Wir arbeiten einfach zu wenig
Die Wertschöpfung eines Landes hängt direkt mit der Zahl der geleisteten Arbeitsstunden zusammen. Bei gegebener Arbeitsproduktivität kann die Wertschöpfung eines Landes mehr oder weniger direkt und proportional zum Arbeitseinsatz durch mehr Arbeit erhöht werden. Wenn Deutschland also in den letzten Jahren so wenig gewachsen ist wie kaum ein anderes wichtiges Land auf diesem Planeten, dann hängt das auch damit zusammen, dass in Deutschland extrem wenig gearbeitet wird, konstatiert M.M.Warburg.
Allerdings gibt es hier laut der Privatbank verschiedene Möglichkeiten, sich diesem Thema zu nähern. Je nach Sichtweise wird die eine oder andere Statistik präferiert, und es ergibt Sinn, sich diesem Themenkreis aus mehreren Richtungen zu nähern. Der üblichste Einstieg in die Materie ist die Betrachtung der Arbeitsstunden pro Erwerbstätigem. Hier sieht es in Deutschland düster aus – während in Deutschland pro Jahr nur etwa 1300 Stunden pro Erwerbstätigem gearbeitet werden (Österreich schneidet in dieser Hinsicht nur etwas besser ab), liegen viele Länder bei 1700 Stunden oder mehr.
Allerdings liefert diese Statistik noch kein vollumfängliches Bild, denn um zu verstehen, wie sich die Auswirkungen des Arbeitseinsatzes auf die Wohlfahrt eines Landes darstellen, ist der Blick auf die Arbeitsstunden pro Jahr pro Einwohner ebenso wichtig. Denn es macht einen Unterschied, ob es relativ zur Größe der Bevölkerung viele oder wenige Erwerbstätige gibt. Je kleiner der Quotient, umso trüber die Zukunftsaussichten eines Landes.
Leider schneidet Deutschland (sowie auch Österreich) auch in der zweiten Statistik, nämlich der Arbeitsstunden pro Jahr pro Einwohner, nicht besonders gut ab. Richtig problematisch wird es allerdings, wenn man sich die Entwicklung des gesamten volkswirtschaftlichen Stundenvolumens über die letzten 25 Jahre anschaut. Deutschland gehört hier zur Gruppe der Länder, die sich hier mehr oder weniger nur seitwärts bewegt haben – trotz extrem hoher Einwanderung. Das ist ein Sachverhalt, der weltweit mehr oder weniger einmalig sein dürfte.

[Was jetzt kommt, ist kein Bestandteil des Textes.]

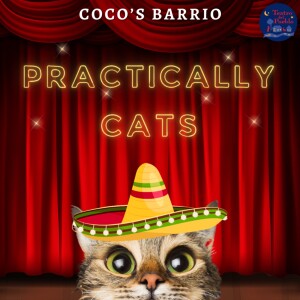 Coco’s Barrio - Practically Cats - Part 02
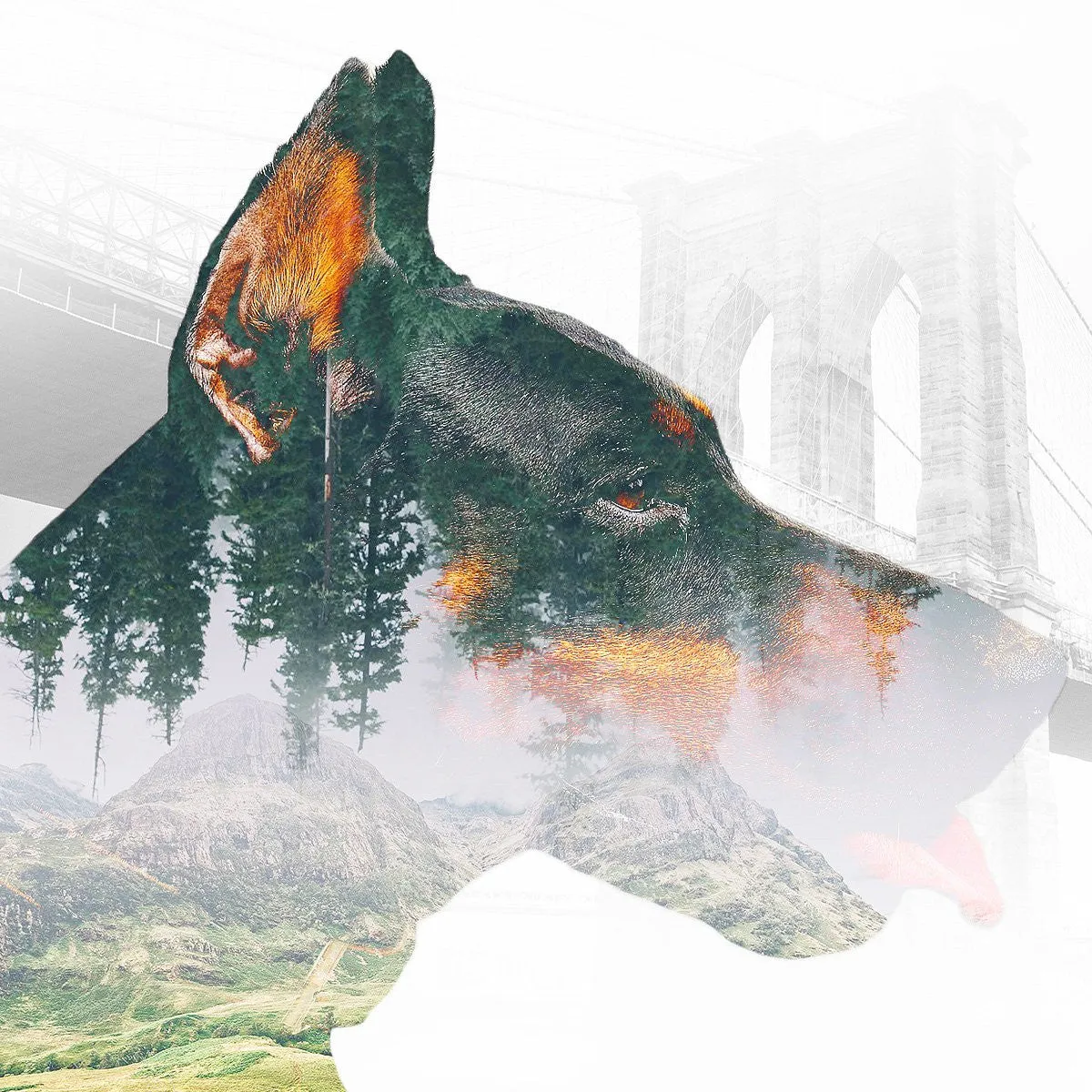 Photoshop Action Multiple Exposure  4 in1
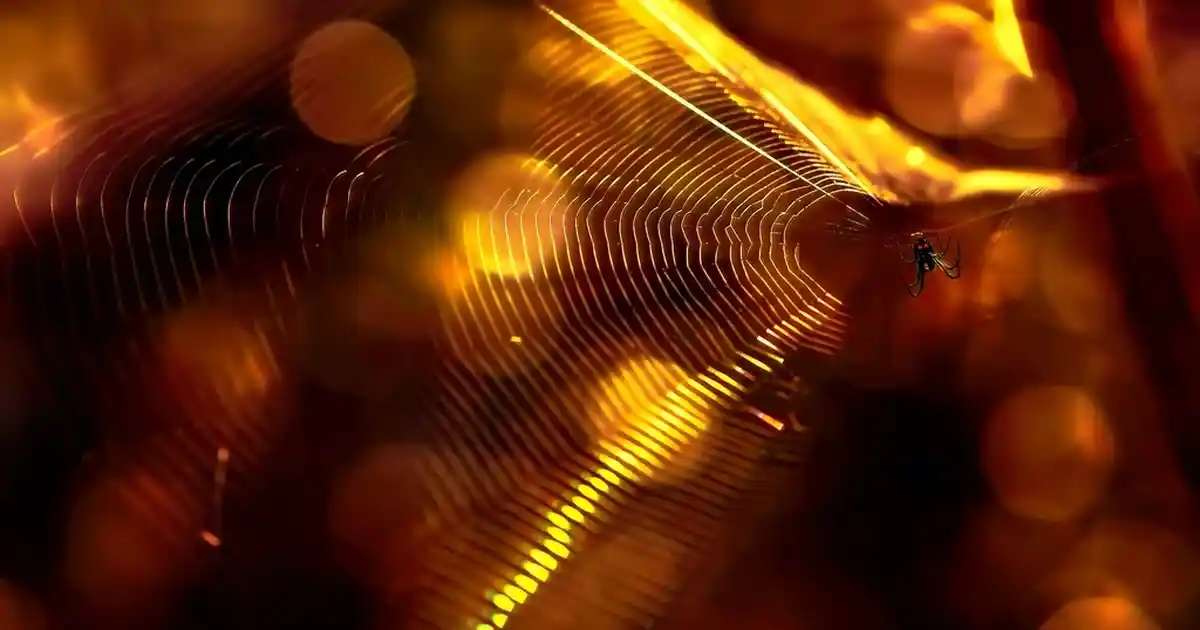 Çocuk ve Bebek Alezleri: Güvenli ve Şık Uyku Ortamları İçin Doğru Seçenekler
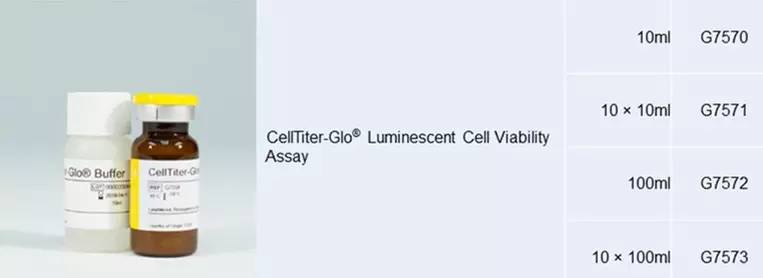 CellTiter-Glo发光法细胞活力检测试剂盒（CTG）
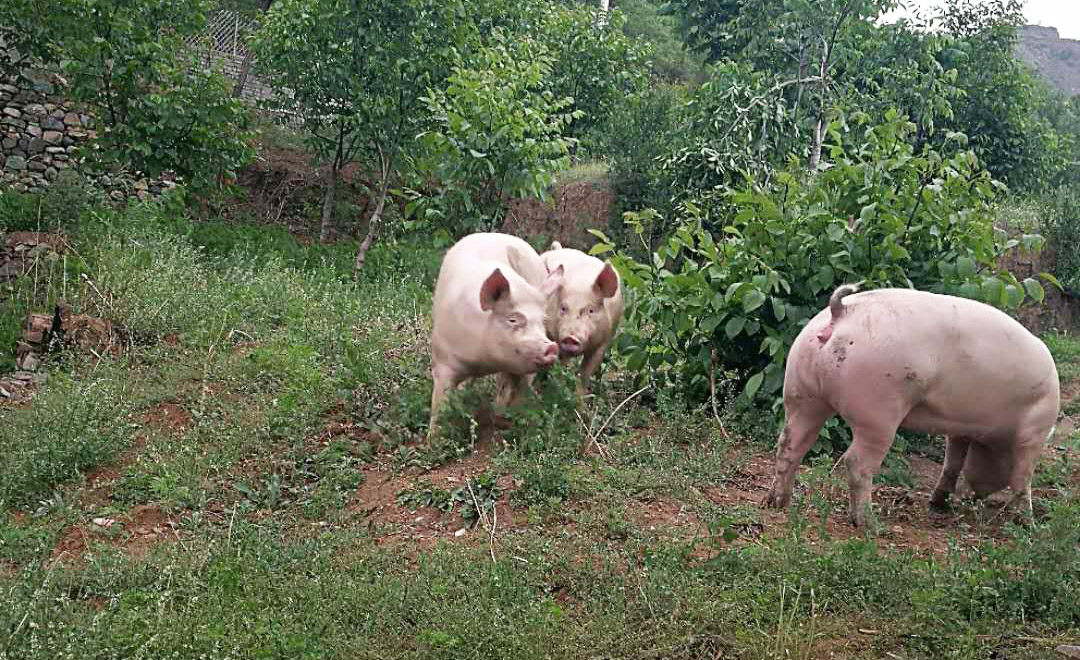 重庆大叔花40万建家庭生态农场，种菜养猪做农家乐，一年获利40万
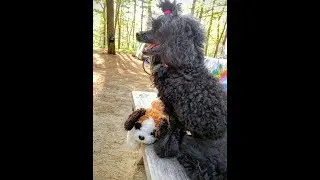 WestfordCAT Weekly News - May 3, 2019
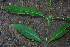  ( - BioBot02324)  @11 [ ] CreativeCommons - Attribution Non-Commercial Share-Alike (2010) Daniel H. Janzen Guanacaste Dry Forest Conservation Fund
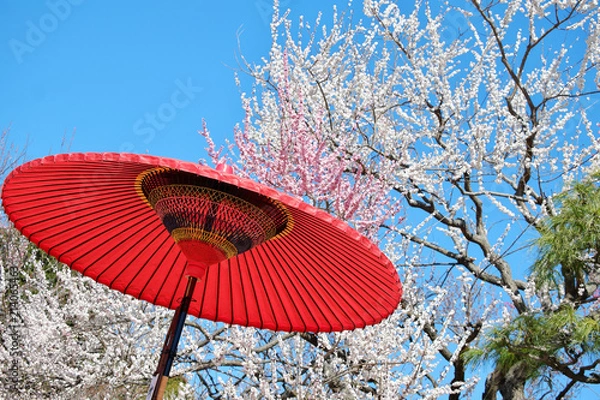 Obraz 梅と傘と青空、日本風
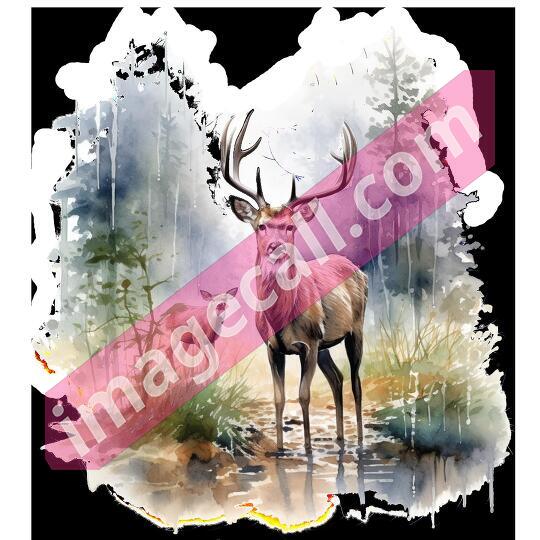 Animal Encounter 22 (14)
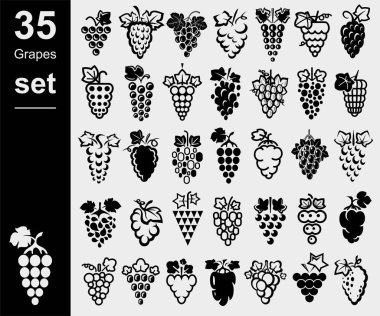 Üzüm seti. Üzüm ikonu koleksiyonu. Vektör illüstrasyonu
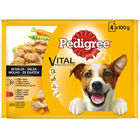 Pienso perro Pedigree pollo buey verduras pack 4
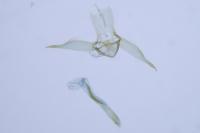 Bucculatrix albedinella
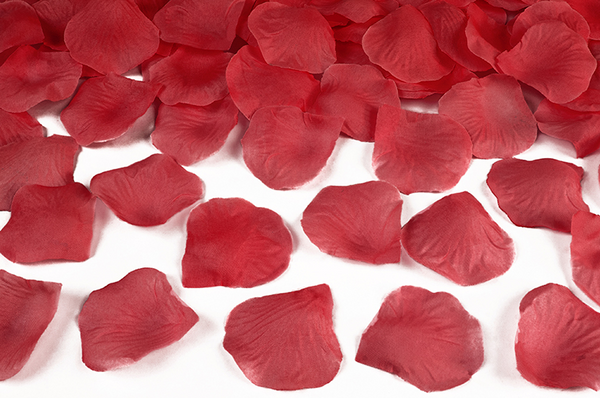 Rose petals in a bag - red (100 Pack)
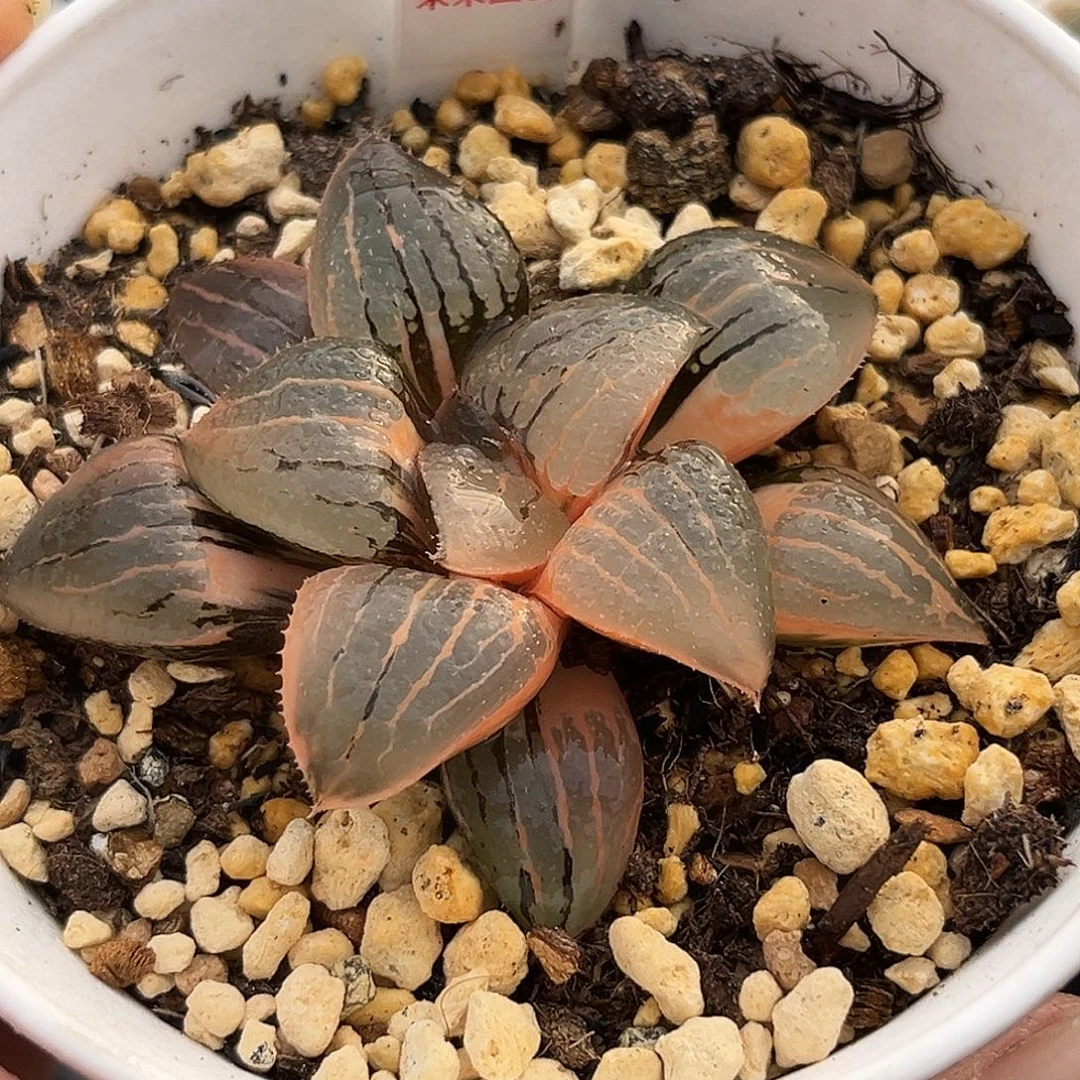 632亲之姬寿锦一物一图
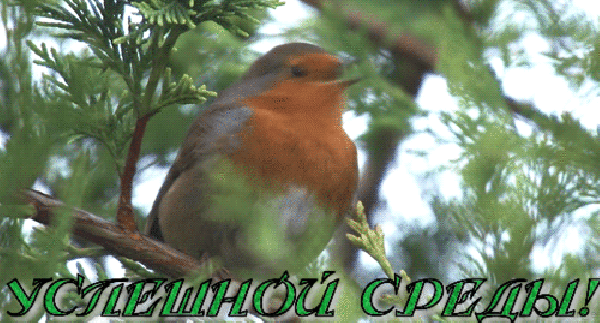 Открытки с пожеланиями отличной среды. Красивые открытки на среду.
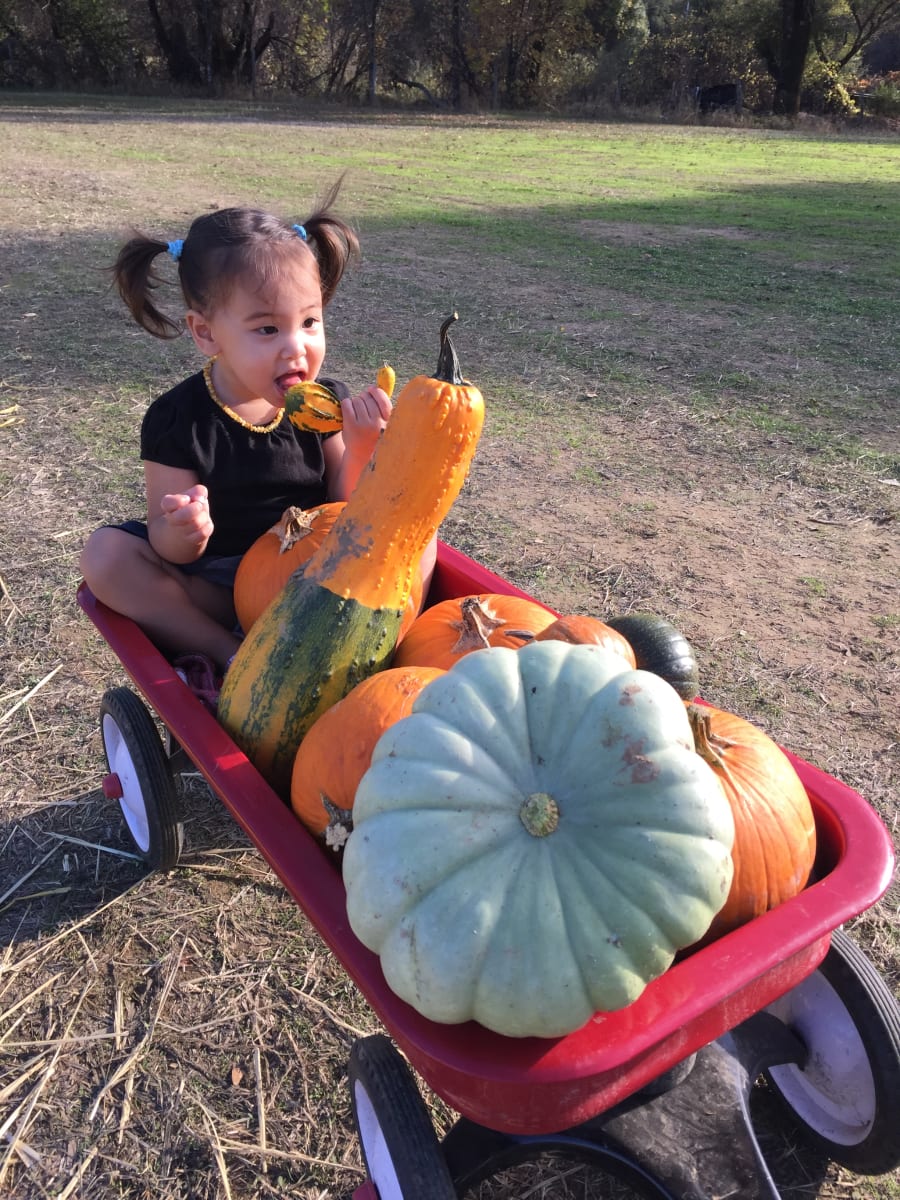 Pumpkin barrel by Katie Carey 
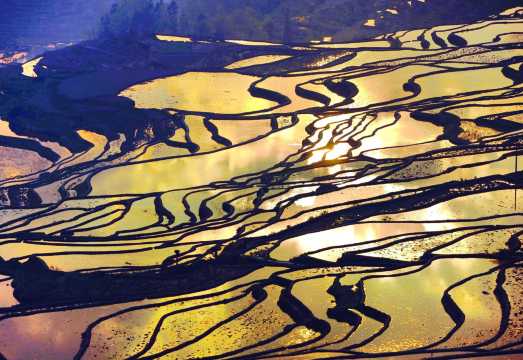 1-day tour to Yuanyang Hani Terrace in Yunnan, China [Departing from Jianshui (admission ticket and meals not included)]
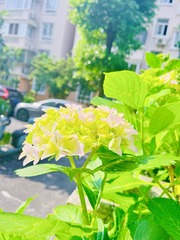 4076C1B7-46E8-406F-B696-63DEA9807B55/L0/001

Schwäche Entwicklung der Arbeitsproduktivität
Während also sehr viele Länder in den letzten 25 Jahren dadurch Wachstum generieren konnten, indem sie einfach ihr gesamtes Arbeitsstundenvolumen ausgeweitet haben, musste Deutschland sein Wachstum primär über den Anstieg der Arbeitsproduktivität stemmen – und das hat nicht geklappt, wie wir gleich noch sehen werden. Besonders enttäuschend war die Entwicklung des gesamtwirtschaftlichen Arbeitsvolumens übrigens in den letzten zehn Jahren; kein Wunder, dass gerade in den letzten zehn Jahren das Wachstum in Deutschland bei nahezu Null lag (Anmerkung der Redaktion: ein Erklärungsansatz, der sicherlich auch für Österreich taugt).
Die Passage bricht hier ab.